If you only ever needed to display their favourites you could serialize the list and store in a text field but you'd never be able to show a list of those following a user if you took that approach. I'd keep it simple and flexible.

sarahk, Jan 24, 2016 IP

Chetan Tudor Greenhorn

Messages:: 35

Likes Received:: 0

Best Answers:: 0

Trophy Points:: 6

#3

Unfortunately I have to show that list...
So, I have to get used to that huge table.

Other suggestions are welcomed.

Chetan Tudor, Jan 24, 2016 IP

sarahk iTamer Staff

Messages:: 29,016

Likes Received:: 4,584

Best Answers:: 124

Trophy Points:: 665

#4

Make the table innoDb
I'd expect MySql to be able to handle that table.

sarahk, Jan 24, 2016 IP

Chetan Tudor Greenhorn

Messages:: 35

Likes Received:: 0

Best Answers:: 0

Trophy Points:: 6

#5

I have read a few articles and they said that MySQL is supposed to handle even 1 billion records table pretty good. If the table is designed good enough, of course.

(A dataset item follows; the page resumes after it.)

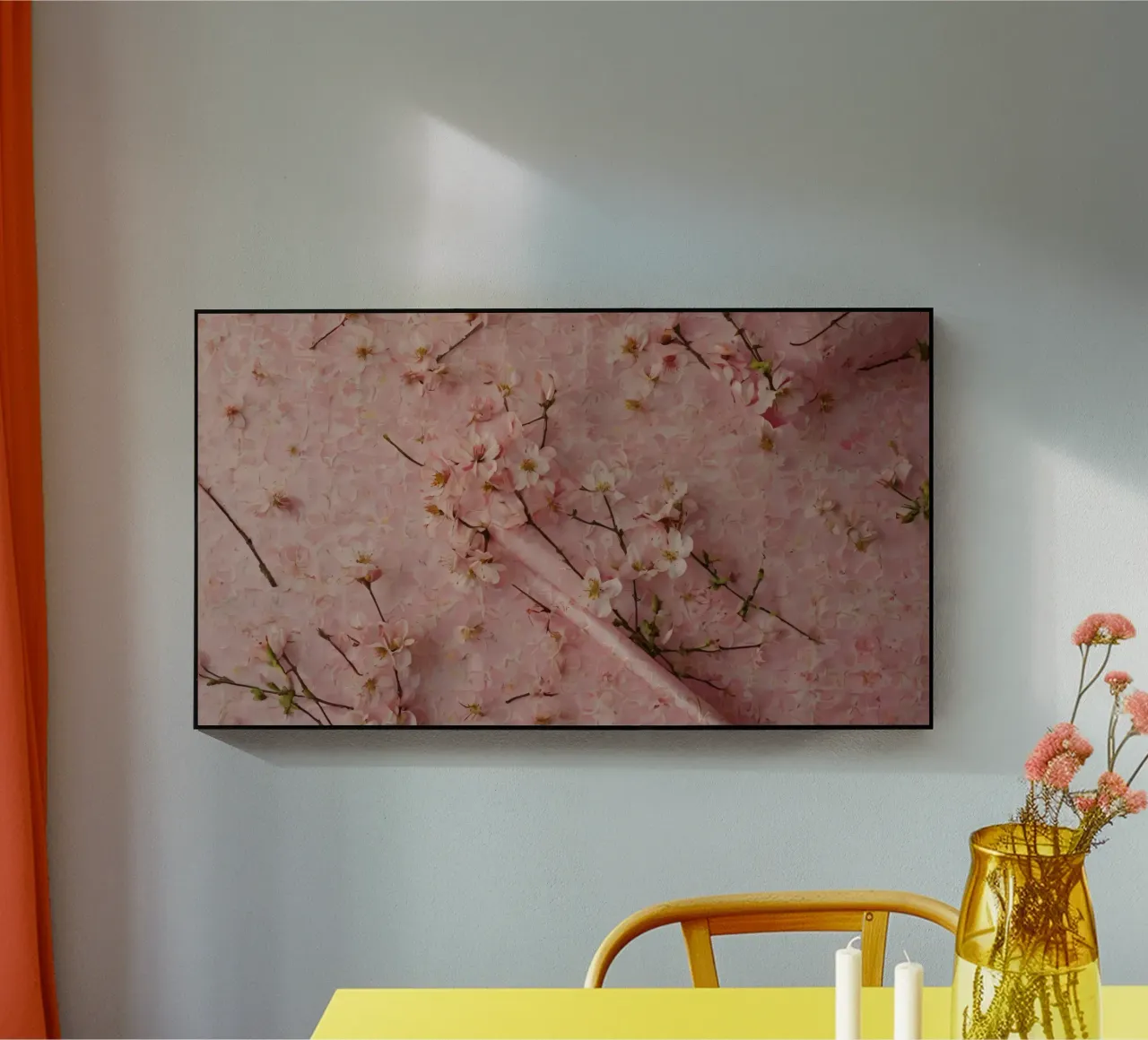 Delicati fiori di ciliegio rosa disposti su un tappeto rosa tenue plexiglass da DesignDoodle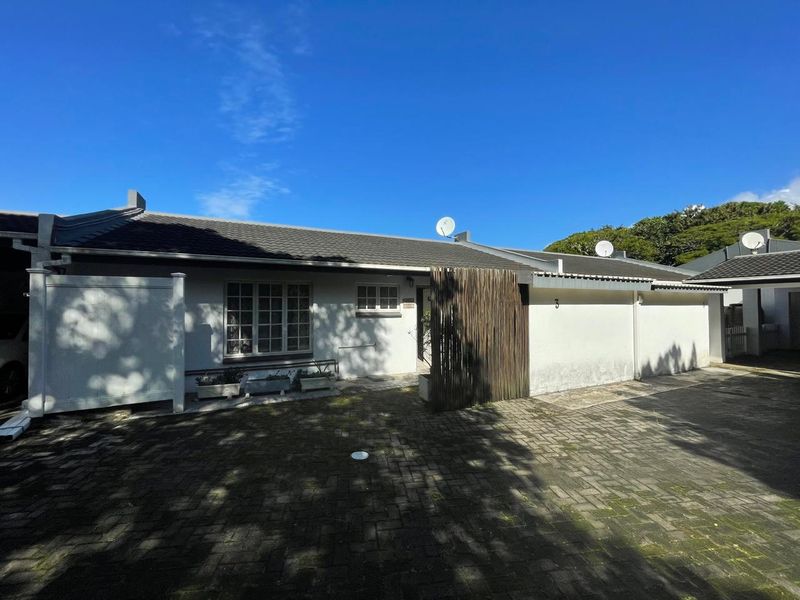 Stunning 3-Bedroom Townhouse For Sale - Photo 8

Chetan Tudor, Jan 24, 2016 IP

deathshadow Acclaimed Member Best Answer

Messages:: 9,732

Likes Received:: 1,999

Best Answers:: 253

Trophy Points:: 515

#6

As long as you keep those numbers as NUMBERS (integer), and have the "parent user" ID indexed and keyed, the overhead of the table size should NOT be that big a deal -- particularly if you keep it SEPERATE from other data for the user.

Most indexes these days are some form of binary tree or other additive/shifting sort, as such pulling a value by ID shouldn't take more than a few dozen reads to find the first one, and nothing but sequential reads to find the next ones.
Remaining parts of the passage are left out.